第6章 第1話「噛み合わない」
聖都を出るのは久しぶりだった。
ナタリの任務についていく、ことに、なった。
聖都の郊外に古い、遺跡が、ある。そこで、小さな異変が起きている、という。神殿が神官を送って、鎮める。その任務にナタリが選ばれた。そして、彼女は私たちを誘った。
「ちょうど、いいでしょ。あなたたちと一緒に戦うの初めてだもの。手合わせ、みたいなもの」
軽い、調子だった。けれど、私には彼女の本当の目的が、分かった。観察だ。私たちがどう、戦うのか。自分がどう、噛み合うのか。それを実地で、確かめたいのだ。

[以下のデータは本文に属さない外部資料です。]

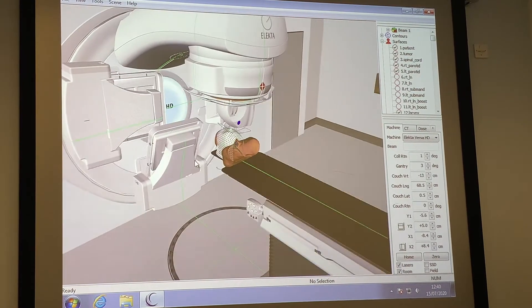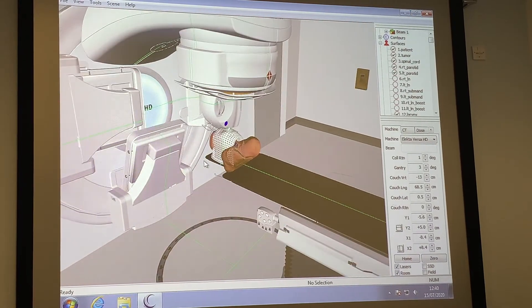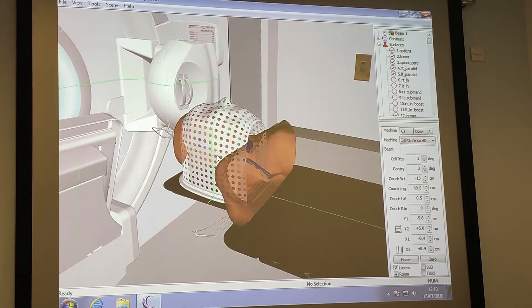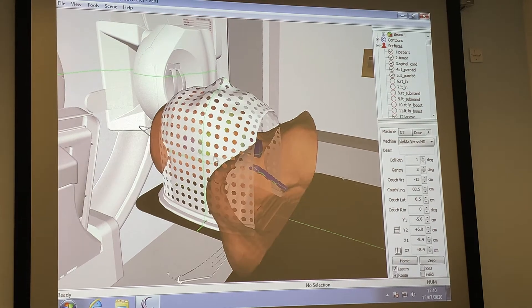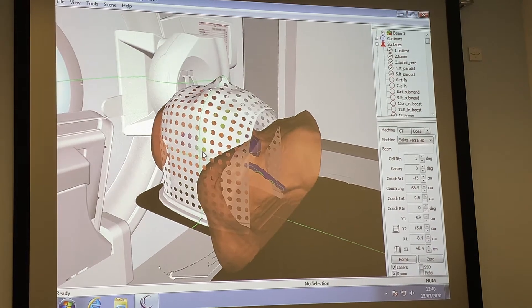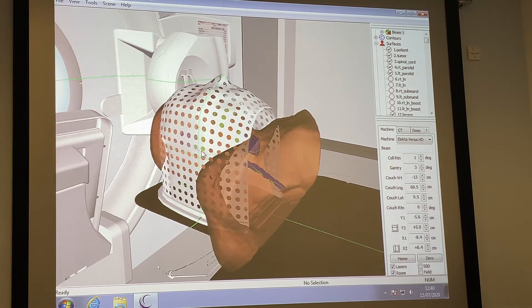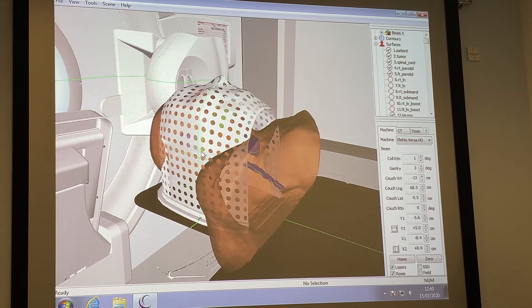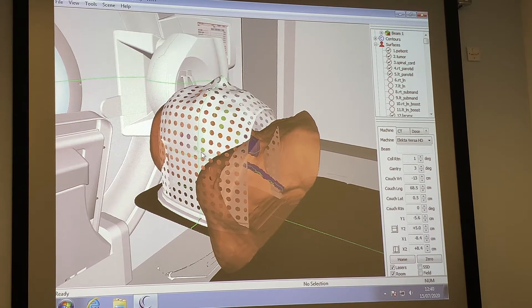There would be a face mask, which minimises patient movement — involuntarily or otherwise — and allows us to direct our radiation beam accurately.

机の上のデータではなく。
道中、四人はどこか、浮き立っていた。
砂の都で、ファルと。北の地で、アスリさんと。一人ずつ、仲間が増えてきた。そして、今、四人目が加わろうとしている。三人で、海底の祠を救った、あの連携にナタリの力が加わったら。私は少し、期待していた。きっともっと強くなる、と。
ナタリは、歩きながら、私たちを観察していた。
「アスリさんは踏み込みが、速い。一歩目で、間合いを詰めるのね。——なら、わたしのバフはその一歩目に合わせればいい」
「ファルのシェフは大きさを、変えられるのね。便利。でも、大きくするとその分、動きが鈍る。トレードオフ、ってやつ」
「テオは……後ろでぜんぶ、見てるタイプね。司令塔。なら、わたしの計算と合わせやすいわ」
ぶつぶつと独り言のように彼女は私たちを数字に、変えていった。前の世で、仲間の技を書き出して、組み合わせを考えたその癖が出ていた。頼もしくも、あった。けれど、今、思えば——彼女は私たちを観察してはいたがまだ一緒に戦ってはいなかった。データと実戦は違う。そのことに彼女も、私もまだ気づいて、いなかった。
「楽しみね」
ナタリが笑った。
「ちゃんと回るか、どうか。——やってみないと分からないけど」
「前衛がアスリさんで後ろがテオで、横がファル」
ナタリが歩きながら、指を折った。
「わたしが回す。バフを重ねて、デバフを撒いて。——うまく回れば、四人は三人の何倍にも、なるわよ」
回れば。その言葉に私は頷いた。期待が勝っていた。回らない、かもしれないという、考えはその時は頭になかった。
遺跡は丘の裏手の窪地に、あった。
崩れた、石組み。蔦に覆われた、柱。その奥に何かがあった。
古いからくり、だった。
石と金属で、できた、人の背丈ほどのもの。半ば、土に埋もれている。北の海で、見たあの海底の祠にどこか、似ていた。同じ、時代の同じ作り手のものかも、しれなかった。それが低く、唸りを上げ、周囲の石を不規則に震わせていた。異変、というのはこれだった。
私が、観察しようと近づいた、そのとき。
それは、Book2 の海底の祠を、思い出させた。あのとき私たちは三人で、長い時間をかけて銘文を読み弱点を見極め、慎重に根を断った。焦らなかった。一手ずつ、確かめながら、進めた。だから、勝てた。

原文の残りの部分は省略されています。